Lendo “Zelota”, do iraniano Reza Aslam, luzes lógicas foram lançadas sobre passagens que o leitor desatento e que desconhece a geografia, a história e o ambiente onde se passa a narrativa, ignora ou, simplesmente, não questiona.  Um exemplo: no evangelho de Lucas, os moradores de Nazaré, após terem escutado os comentários de Jesus, “se encheram de ira” “e o levaram até o cume do monte em que a cidade deles estava edificada, para dali o precipitarem” (Lc 4.28-29). De acordo com Aslam, não há montes, cumes ou precipitações elevadas em Nazaré, o que constitui um problema para a doutrina da inerrância. 

Reza Aslam dedica um dos capítulos do livro para falar de Paulo. É importante entender que, passados quase dois anos mil anos, a percepção que se adquire de uma crença consolidada é de não questionamento. Há igrejas; há fiéis que replicam a versão; há uma estrutura psicológica, uma cosmologia ajustada aos interesses daquele que crer. Se existe um grande número de fiéis e, e esses fiéis estão certos sobre aquilo que dizem acreditar, não sobra muito espaço para a dúvida. Outro aspecto é a distância histórica. A cultura do Oriente Médio, os costumes, o modo de produção, a organização era bastante diversa daquela que temos hoje. Havia um número grandioso de analfabetos. Estima-se que nos tempos bíblicos, apenas 3% da população era capaz de ler e produzir textos. A miséria era grassante. A vida estava estruturada na agricultura ou na criação de animais. Havia um pequeno número de afortunados; de servidores públicos e comerciantes.

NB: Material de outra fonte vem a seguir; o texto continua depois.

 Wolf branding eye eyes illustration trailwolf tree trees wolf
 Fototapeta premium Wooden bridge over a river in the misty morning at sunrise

Outro fato importante é saber quem escreveu os livros e em que ano essas narrativas, cartas ou profecias foram constituídas. Muito daquilo que se encontra coligido no cânon não possui fidelidade com o que é pregado e ensinado. Se alguém tivesse o poder de voltar no tempo ficaria assustado e, certamente, a forma como se processa a fé sofreria uma significativa mudança. 

Um dos personagens mais importantes e emblemáticos é o “autodenominado” apóstolo Paulo. Existem duas fontes a seu respeito – a narrativa de Lucas, em Atos dos apóstolos e aquelas escritas por Paulo - e outras atribuídas a ele. É possível que a escrita do livro de Atos tenha ocorrido uns trinta anos após a morte do apóstolo. Curiosamente, Lucas era um admirador do chamado 13° apóstolo e dedica mais de 70% do livro a ele.

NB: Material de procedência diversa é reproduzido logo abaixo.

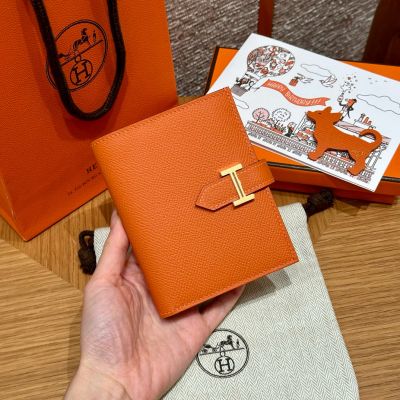 Orange Swift Bear Compact Wallet Gold Hardware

Após a morte de Jesus como um criminoso comum, os seus seguidores experimentaram um dilema – o que deveriam fazer? Deram continuidade à pregação iniciada por Jesus. Um corpo de narrativas e eventos extraordinários começou a ser transmitido. Uma espécie de telefone sem fio foi passado. Os ensinamentos de Cristo estavam mesclados aos ensinamentos do Antigo Testamento. Isso fica evidente, por exemplo, no estranhamento inicial que a pregação de Paulo despertou nos discípulos que estavam em Jerusalém. Tiago, Pedro e João são denominados por Paulo como “colunas”. Em outra ocasião Paulo diz que discutiu com Pedro de forma acalorada.  Pedro não queria desconectar os ensinamentos do judaísmo, no caso a circuncisão, dos ensinamentos da fé cristã. Paulo é chamado a Jerusalém para se entrevistar com Tiago, conforme é explicitado em Atos 21. Logo em seguida, vai fazer uma purificação no templo a pedido de Tiago. Ora, por que ele precisou fazer essa purificação?

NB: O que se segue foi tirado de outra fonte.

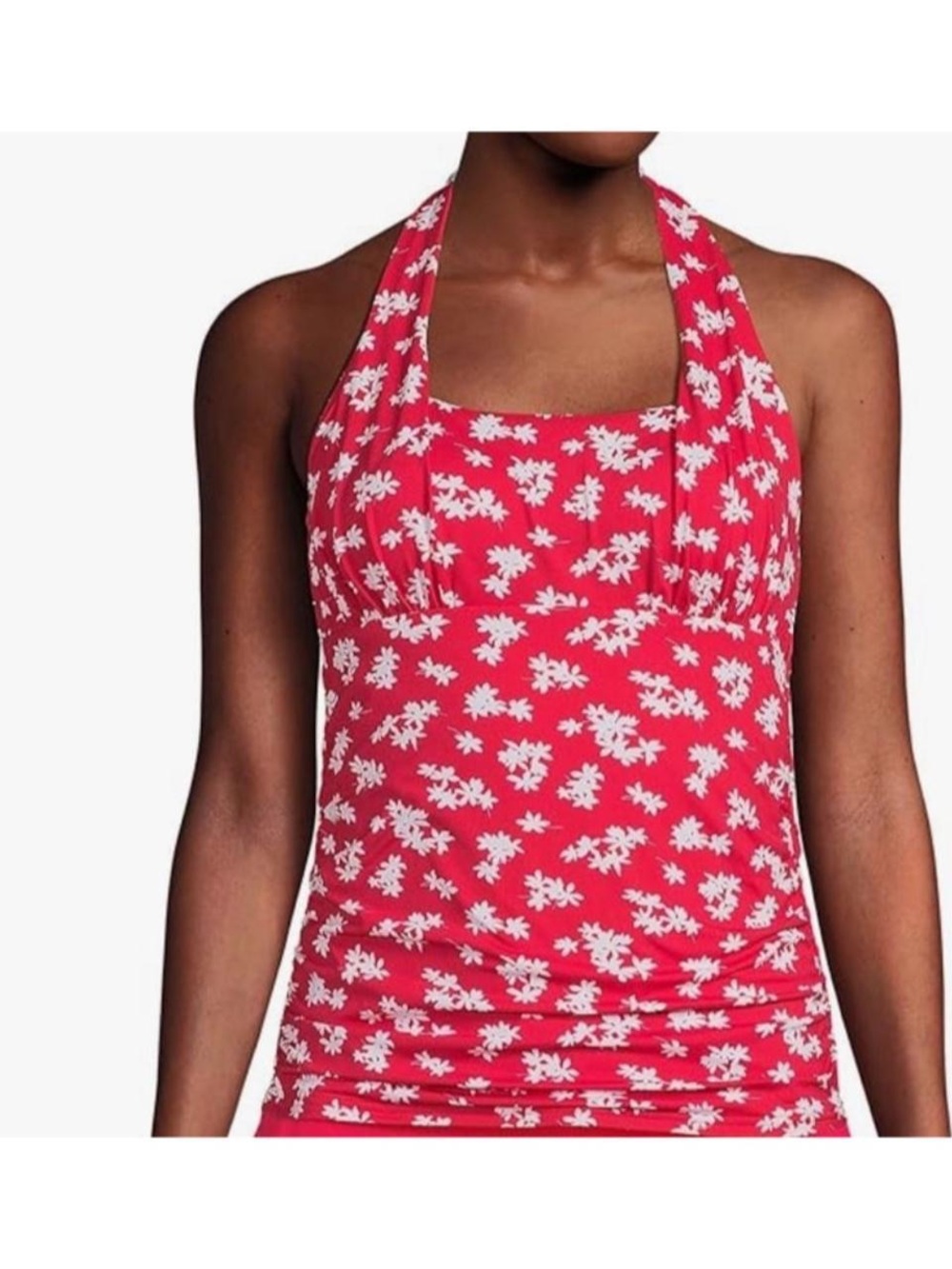 Lands' End Square Neck Halter Tankini Top Red Daisy Floral Size 2 EUC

É curioso, pois Paulo funda uma nova fé. Não há descrições sobre a vida de Jesus em seus escritos. Enquanto os evangelhos são narrativas calcadas na história, os ensinamentos de Paulo celebram um Jesus cósmico. Com exceção de João, Paulo é o primeiro a denominar Jesus de “Cristo”. A palavra “Cristo” significa “o ungido”, “o Messias”, “o escolhido”, ou seja, percebe-se uma sentença teológica nessa afirmação. Paulo não se preocupa com a historicidade de Jesus. Sua grande preocupação é fundar uma cristologia sobre Jesus. As únicas duas referências a eventos históricos de acordo com a fórmula dos evangelhos e se encontram na carta escrita à igreja que fundara em Corinto. O apóstolo faz referência à eucaristia (santa ceia) e à ressurreição. Todavia, quando Paulo cita esses eventos, cria sentenças teológicas ou litúrgicas.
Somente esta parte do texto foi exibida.